→ Aim of the exercise: Which lines in the records below contain the word "desk"? Copy each one out.

→ Records for the exercise:
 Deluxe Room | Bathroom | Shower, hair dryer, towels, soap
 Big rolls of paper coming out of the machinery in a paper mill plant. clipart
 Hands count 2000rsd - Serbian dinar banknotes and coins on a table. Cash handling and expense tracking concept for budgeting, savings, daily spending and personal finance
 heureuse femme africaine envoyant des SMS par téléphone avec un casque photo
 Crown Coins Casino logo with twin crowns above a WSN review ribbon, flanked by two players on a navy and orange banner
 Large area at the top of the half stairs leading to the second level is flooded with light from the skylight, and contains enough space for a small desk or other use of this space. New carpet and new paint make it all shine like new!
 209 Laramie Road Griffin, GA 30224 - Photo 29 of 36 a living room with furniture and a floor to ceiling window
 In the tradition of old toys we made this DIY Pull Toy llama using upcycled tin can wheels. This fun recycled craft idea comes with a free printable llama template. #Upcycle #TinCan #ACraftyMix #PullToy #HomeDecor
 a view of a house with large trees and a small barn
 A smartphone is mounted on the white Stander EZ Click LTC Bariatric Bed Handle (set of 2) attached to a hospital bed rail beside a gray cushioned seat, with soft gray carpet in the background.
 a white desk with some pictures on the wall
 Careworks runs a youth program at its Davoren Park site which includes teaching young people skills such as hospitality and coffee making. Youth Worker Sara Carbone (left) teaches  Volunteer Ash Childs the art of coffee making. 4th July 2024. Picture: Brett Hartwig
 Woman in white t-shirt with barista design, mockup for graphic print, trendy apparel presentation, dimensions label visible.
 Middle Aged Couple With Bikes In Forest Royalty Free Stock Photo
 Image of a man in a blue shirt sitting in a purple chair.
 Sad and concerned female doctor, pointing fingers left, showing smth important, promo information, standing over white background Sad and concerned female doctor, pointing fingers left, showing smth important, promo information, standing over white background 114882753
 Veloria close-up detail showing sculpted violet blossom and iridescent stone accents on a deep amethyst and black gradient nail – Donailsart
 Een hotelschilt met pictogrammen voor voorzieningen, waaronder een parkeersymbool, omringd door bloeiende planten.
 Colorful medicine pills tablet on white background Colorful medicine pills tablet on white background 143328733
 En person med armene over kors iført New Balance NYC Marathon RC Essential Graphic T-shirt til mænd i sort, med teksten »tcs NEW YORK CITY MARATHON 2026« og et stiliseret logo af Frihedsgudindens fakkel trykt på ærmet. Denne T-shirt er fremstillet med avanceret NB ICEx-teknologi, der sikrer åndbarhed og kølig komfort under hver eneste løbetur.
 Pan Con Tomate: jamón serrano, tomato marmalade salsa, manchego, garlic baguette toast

→ Answer section:
 Large area at the top of the half stairs leading to the second level is flooded with light from the skylight, and contains enough space for a small desk or other use of this space. New carpet and new paint make it all shine like new!
 a white desk with some pictures on the wall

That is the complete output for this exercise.